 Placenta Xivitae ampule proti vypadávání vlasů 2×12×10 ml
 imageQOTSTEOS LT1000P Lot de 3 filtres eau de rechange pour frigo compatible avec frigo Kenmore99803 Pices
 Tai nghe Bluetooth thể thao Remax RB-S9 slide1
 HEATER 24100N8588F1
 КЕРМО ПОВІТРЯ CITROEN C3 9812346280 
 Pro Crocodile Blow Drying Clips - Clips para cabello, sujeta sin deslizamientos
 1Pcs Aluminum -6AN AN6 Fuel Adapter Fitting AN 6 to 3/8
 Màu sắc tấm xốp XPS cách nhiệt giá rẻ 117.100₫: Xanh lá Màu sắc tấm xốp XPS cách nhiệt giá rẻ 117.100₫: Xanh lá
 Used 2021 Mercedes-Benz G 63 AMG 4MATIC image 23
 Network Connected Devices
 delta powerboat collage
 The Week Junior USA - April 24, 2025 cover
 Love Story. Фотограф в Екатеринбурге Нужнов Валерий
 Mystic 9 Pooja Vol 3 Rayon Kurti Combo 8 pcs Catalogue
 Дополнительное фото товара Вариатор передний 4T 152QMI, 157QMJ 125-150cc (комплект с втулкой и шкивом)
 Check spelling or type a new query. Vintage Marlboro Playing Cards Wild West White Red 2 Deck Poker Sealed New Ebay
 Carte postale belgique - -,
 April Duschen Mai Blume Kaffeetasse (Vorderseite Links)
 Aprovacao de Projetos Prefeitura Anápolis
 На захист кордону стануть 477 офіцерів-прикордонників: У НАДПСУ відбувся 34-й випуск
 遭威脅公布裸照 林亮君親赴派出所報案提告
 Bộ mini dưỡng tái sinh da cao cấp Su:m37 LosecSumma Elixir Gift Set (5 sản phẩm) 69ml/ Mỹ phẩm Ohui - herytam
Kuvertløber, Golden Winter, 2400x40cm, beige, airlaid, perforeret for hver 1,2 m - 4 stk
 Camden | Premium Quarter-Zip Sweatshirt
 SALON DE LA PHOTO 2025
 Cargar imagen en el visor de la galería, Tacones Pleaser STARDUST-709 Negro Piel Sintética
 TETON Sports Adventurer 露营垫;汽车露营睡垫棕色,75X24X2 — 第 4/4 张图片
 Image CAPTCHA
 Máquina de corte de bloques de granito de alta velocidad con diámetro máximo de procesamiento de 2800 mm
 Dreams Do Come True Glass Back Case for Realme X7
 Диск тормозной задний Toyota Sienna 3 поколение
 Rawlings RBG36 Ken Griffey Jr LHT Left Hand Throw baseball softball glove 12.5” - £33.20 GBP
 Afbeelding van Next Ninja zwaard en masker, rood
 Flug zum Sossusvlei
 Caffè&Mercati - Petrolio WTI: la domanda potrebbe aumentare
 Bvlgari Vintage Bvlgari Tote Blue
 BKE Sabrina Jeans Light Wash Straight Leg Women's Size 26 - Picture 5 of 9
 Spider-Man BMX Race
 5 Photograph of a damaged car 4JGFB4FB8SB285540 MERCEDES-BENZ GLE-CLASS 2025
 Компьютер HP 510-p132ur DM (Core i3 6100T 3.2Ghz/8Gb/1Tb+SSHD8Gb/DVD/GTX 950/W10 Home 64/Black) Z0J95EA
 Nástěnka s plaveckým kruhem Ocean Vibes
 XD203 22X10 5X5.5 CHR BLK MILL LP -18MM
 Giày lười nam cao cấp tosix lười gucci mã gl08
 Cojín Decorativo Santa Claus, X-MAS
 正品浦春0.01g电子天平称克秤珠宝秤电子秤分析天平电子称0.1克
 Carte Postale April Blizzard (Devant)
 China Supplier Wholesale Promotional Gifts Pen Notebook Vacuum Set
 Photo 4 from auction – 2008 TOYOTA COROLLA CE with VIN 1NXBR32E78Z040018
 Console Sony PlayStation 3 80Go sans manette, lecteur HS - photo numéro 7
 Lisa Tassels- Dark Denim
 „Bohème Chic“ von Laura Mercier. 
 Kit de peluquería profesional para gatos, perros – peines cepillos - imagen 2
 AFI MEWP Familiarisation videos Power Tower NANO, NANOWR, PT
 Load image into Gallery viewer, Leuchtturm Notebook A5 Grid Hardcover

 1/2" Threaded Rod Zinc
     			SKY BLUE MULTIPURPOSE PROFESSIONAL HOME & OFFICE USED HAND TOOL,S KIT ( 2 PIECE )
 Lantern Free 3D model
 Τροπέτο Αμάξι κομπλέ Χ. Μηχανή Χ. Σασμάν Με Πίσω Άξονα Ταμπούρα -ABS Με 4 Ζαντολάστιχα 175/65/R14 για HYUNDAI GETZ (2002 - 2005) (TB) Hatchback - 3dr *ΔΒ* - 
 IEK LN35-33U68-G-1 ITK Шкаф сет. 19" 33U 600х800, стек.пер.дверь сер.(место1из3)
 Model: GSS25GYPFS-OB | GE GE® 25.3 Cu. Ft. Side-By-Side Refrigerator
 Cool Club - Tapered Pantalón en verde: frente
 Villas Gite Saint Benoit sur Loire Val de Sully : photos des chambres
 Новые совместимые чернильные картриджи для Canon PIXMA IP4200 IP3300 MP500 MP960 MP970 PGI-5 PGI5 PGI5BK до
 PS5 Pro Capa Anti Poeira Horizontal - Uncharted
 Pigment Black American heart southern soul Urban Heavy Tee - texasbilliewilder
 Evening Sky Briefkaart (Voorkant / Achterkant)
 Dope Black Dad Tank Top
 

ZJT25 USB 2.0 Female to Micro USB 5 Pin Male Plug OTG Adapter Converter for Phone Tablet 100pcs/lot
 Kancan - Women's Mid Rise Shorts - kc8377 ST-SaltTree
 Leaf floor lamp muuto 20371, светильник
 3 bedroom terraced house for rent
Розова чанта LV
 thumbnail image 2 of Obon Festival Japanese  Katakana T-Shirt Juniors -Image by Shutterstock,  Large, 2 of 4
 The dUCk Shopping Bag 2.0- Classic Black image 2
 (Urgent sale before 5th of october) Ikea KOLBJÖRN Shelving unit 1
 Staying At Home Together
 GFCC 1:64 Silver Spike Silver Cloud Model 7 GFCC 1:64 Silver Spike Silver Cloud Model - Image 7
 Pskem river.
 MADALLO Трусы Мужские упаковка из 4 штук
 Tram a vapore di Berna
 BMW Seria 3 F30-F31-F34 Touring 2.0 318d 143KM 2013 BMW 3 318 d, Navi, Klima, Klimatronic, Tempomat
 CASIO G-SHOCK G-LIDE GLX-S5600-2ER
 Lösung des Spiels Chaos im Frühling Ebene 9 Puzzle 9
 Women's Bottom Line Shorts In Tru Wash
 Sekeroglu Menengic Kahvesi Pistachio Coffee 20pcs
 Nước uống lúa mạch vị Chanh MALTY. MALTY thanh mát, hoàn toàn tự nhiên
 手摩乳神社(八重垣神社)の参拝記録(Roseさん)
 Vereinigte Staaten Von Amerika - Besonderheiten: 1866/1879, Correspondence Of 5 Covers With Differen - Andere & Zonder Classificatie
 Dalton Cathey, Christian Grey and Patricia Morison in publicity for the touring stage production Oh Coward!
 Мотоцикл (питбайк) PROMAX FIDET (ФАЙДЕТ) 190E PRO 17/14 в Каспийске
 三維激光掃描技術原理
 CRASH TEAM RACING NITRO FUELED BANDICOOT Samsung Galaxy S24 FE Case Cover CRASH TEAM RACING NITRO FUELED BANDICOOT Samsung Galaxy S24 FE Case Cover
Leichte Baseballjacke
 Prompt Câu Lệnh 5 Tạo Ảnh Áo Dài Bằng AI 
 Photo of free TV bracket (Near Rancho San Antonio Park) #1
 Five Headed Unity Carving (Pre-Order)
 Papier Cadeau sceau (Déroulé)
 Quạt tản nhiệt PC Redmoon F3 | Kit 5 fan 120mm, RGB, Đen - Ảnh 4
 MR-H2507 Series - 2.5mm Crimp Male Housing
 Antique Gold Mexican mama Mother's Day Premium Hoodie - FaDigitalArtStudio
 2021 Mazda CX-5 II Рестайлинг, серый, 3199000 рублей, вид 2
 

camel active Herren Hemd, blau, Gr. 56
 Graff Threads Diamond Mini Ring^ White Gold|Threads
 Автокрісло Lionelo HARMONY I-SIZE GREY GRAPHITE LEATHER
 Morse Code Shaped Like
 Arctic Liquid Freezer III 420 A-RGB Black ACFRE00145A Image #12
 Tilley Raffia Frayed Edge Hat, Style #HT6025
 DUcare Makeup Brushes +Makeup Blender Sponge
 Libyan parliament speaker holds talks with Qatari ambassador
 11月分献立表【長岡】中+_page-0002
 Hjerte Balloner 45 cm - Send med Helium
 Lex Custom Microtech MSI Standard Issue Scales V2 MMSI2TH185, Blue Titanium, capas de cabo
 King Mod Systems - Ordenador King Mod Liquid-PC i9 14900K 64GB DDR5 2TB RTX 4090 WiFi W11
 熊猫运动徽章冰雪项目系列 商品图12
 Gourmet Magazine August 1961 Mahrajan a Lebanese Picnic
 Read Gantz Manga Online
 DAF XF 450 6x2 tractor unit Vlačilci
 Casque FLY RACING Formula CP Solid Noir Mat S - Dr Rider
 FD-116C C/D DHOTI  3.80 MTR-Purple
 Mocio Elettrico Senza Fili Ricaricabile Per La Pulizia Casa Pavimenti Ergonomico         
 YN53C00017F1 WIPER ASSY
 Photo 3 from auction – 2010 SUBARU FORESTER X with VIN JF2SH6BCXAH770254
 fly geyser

• Task to complete: Begin with the first line of the listing above and write out each line exactly, ending with the line that contains "Carte postale belgique".

• Exercise output:
 Placenta Xivitae ampule proti vypadávání vlasů 2×12×10 ml
 imageQOTSTEOS LT1000P Lot de 3 filtres eau de rechange pour frigo compatible avec frigo Kenmore99803 Pices
 Tai nghe Bluetooth thể thao Remax RB-S9 slide1
 HEATER 24100N8588F1
 КЕРМО ПОВІТРЯ CITROEN C3 9812346280 
 Pro Crocodile Blow Drying Clips - Clips para cabello, sujeta sin deslizamientos
 1Pcs Aluminum -6AN AN6 Fuel Adapter Fitting AN 6 to 3/8
 Màu sắc tấm xốp XPS cách nhiệt giá rẻ 117.100₫: Xanh lá Màu sắc tấm xốp XPS cách nhiệt giá rẻ 117.100₫: Xanh lá
 Used 2021 Mercedes-Benz G 63 AMG 4MATIC image 23
 Network Connected Devices
 delta powerboat collage
 The Week Junior USA - April 24, 2025 cover
 Love Story. Фотограф в Екатеринбурге Нужнов Валерий
 Mystic 9 Pooja Vol 3 Rayon Kurti Combo 8 pcs Catalogue
 Дополнительное фото товара Вариатор передний 4T 152QMI, 157QMJ 125-150cc (комплект с втулкой и шкивом)
 Check spelling or type a new query. Vintage Marlboro Playing Cards Wild West White Red 2 Deck Poker Sealed New Ebay
 Carte postale belgique - -,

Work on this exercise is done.